Yeah, it is. Fortunately that is not what happens. At least not any more. This problem has been obvious for years, and people have been working on it for years. The have been many clever ideas, including designing filesystems that are laid out in fundamentally different ways to better cope with the performance constraints drives of hard drives. The details of how all of those work and the evolution of them would is not worth getting into in depth here, but the thing to understand is that the changes necessary are complicated, and despite the first such filesystems appearing ~26 years ago (Sprite), and a constant stream of research designs over the years (LFS, LinLogFS) and embedded filesystems (WAFL). We are just finally starting to see general purposes designs that are usable large user bases (ZFS, btrfs, Tux3). ZFS is just now starting to be used in production environments, and it has been under active development for ~8 years now. It just takes a long time to develop and stabilize a high new filesystem designs.
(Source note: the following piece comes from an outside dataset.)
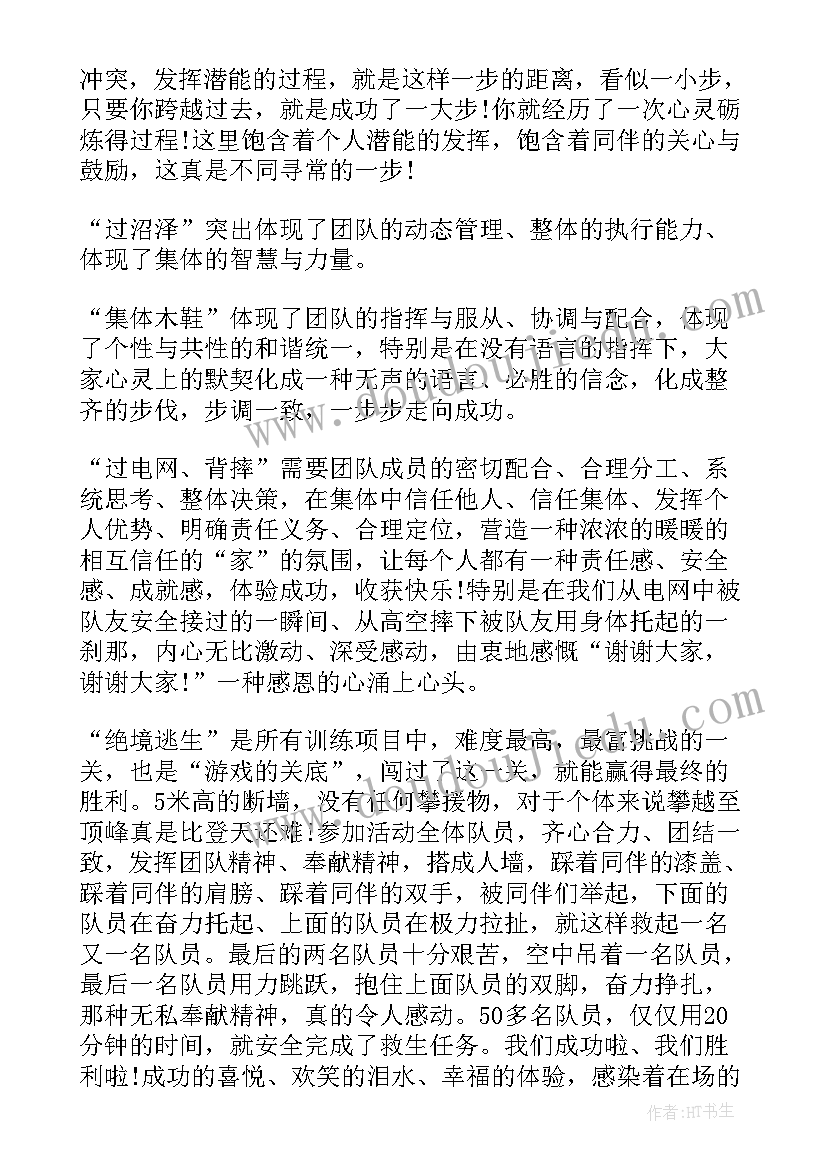 2023年拓展训练的个人心得(通用10篇)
So we have had a problem that has been clear ~30 years, and we have people trying to solve it for almost as long. In the software world that is an eternity, so we do what we always do, we came up with a clever hack that sort of dealt with it for a while.
Enter Journaling
Journaling is a hack, get over it ;-) People often talk about journaling FSes, like journaling is a big deal in the design of the FS. The important thing about journaling is that it is really easy to retrofit into an existing filesystem that was not designed with asynchronous consistency in mind. Not only is it easy to add to an existing filesystem, it is easy to add in a way that does not change the volume format in way that is incompatible with existing implementations. I know someone who added journaling to a FAT16 implementation. That is why all existing filesystems are journaled, and almost no next generation ones are. Its not optimal, but it a very simple extension to filesystems that are otherwise based on research from the 1970s and don't take into account how drives synch speed have not scaled with other aspects of computers.
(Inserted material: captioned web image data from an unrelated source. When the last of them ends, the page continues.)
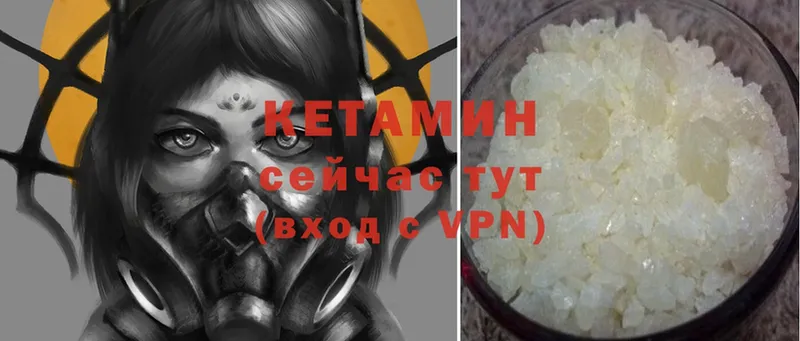 КЕТАМИН VHQ Великие Луки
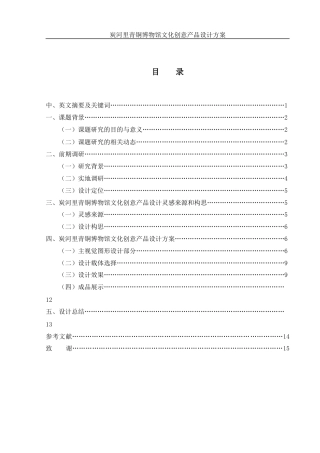 25年WH视觉传达设计 炭河里青铜博物馆文化创意产品设计方案14.69-AI18.7终稿-约6165字符.docx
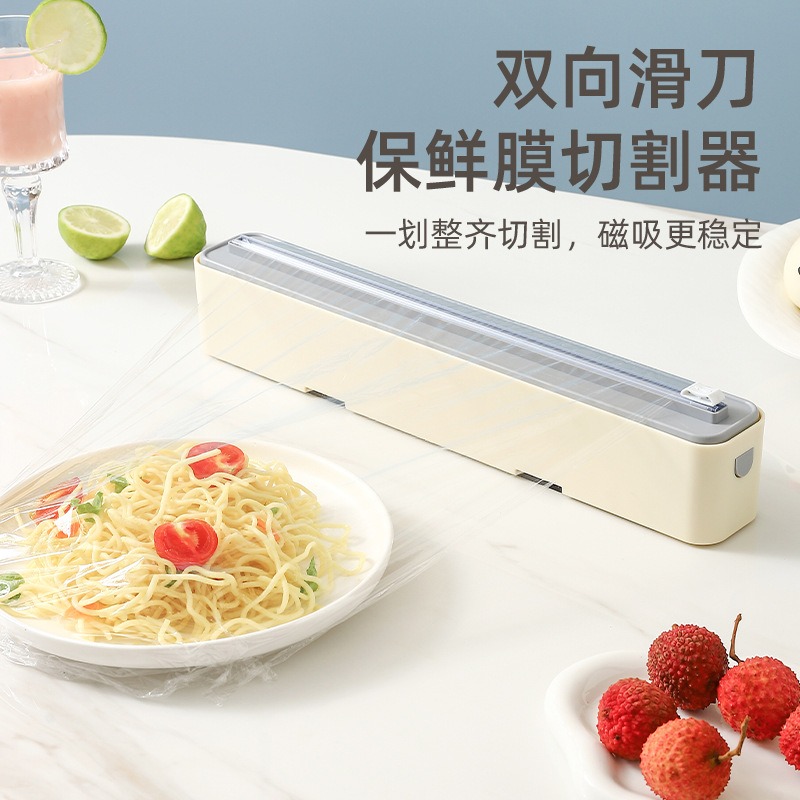Plastic Wrap Dispensers Innova - Kitchen Gadgets Holder recensie en prijs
So, how does journaling work? Its simple. The idea is to dedicate a portion of the disk to be the journal. Then what you do is you look at the safe ordering of operations you need to perform. You write out the list of things you need to do to the journal all at once, as a single synchronous write. You then write them where they are supposed to go asynchronously. If the system crashes you simply read through journal and write out the list of things it said needed to be done. If they already happened before the crash you are overwriting what was written with identical data, so there is no problem. If it did not make it to the disk you are writing out consistent data that you knew you needed to write out before the crash so no problem.
To retrofit that into an existing filesystem you just create a special reserved journal file. Older implementations will ignore the journal file, so they will have to run synchronously, but they will be able to read the drive. Newer implementations will get to make most of their writes asynchronously. There is some potential extra risk moving drives back and forth between systems that do and don't support it, but in practice that tends to be insignificant.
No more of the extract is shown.